In 2004, Michels ran for the U.S. Senate, defeating automobile dealer Russ Darrow Jr., state Senator Robert Welch and attorney Robert Lorge in the Republican primary. 

He lost that fall to the Democratic incumbent, U.S. Senator Russ Feingold, who he also called a “career politician.”

(Fun fact: When U.S. Sen. Ron Johnson labeled Feingold a career politician in a 2016 rematch between the two, we rated that Mostly True.)

Michels earned his B.A. in political science from St. Norbert College in 1984.

From 1984 to July 1996, Michels was also in the United States Army as an Infantry Officer and as a Plans, Operations and Training Officer.
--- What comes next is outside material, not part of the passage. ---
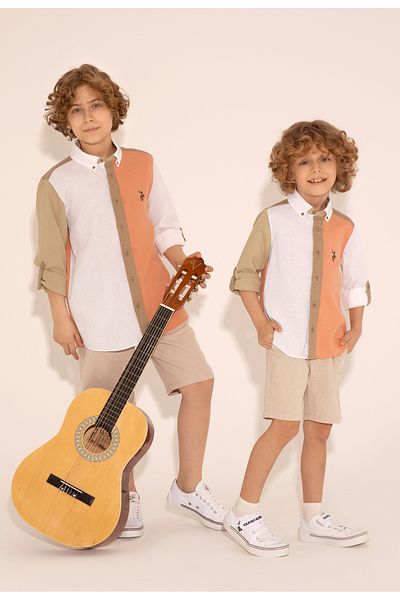 U.S. Polo Assn. U.S. Polo Assn. Boy Salmon Long Sleeve Shirt Dmk.1839748.Nipponmenkids.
He had no deployments. At the end of his service, he held the rank of major, according to his military records.

He later earned an MBA from the University of Chicago and an MPA (that’s a Master of Public Administration) from the Illinois Institute of Technology in 1997.

Since 1998, after the death of his father, Dale, Tim Michels and his brothers, Pat and Kevin, have led the family-run, Brownsville-based energy and infrastructure construction company, Michels Corp. The company had projected revenue of nearly $3 billion in 2018, according to BizTimes Milwaukee.

Michels is both a co-owner and the vice president, but has said he would divest himself from the business if he is elected as governor.

In April, 2022, Michels filed paperwork with the state’s Elections Commission, thus beginning his run for governor of Wisconsin – his third attempt to win public office.

We asked the Michels campaign for evidence for their claim, and a comment on the candidate’s own pursuits of elective office, but did not hear back before deadline. 

But since this claim is resume-driven, it was easy to gather the material we needed. 

Our ruling

Tim Michels claimed that Evers is a “career politician.”

In his 48-year working career, one could say he has held any elected office for 17 years, or spent four years as a partisan politician.  To label him a “career politician” ignores 31 years, or more than half his work life.

But we also can’t ignore two earlier, unsuccessful, attempts to win the statewide job. That means we have a statement that “contains an element of truth but ignores critical facts that would give a different impression.”

And that’s our definition for Mostly False.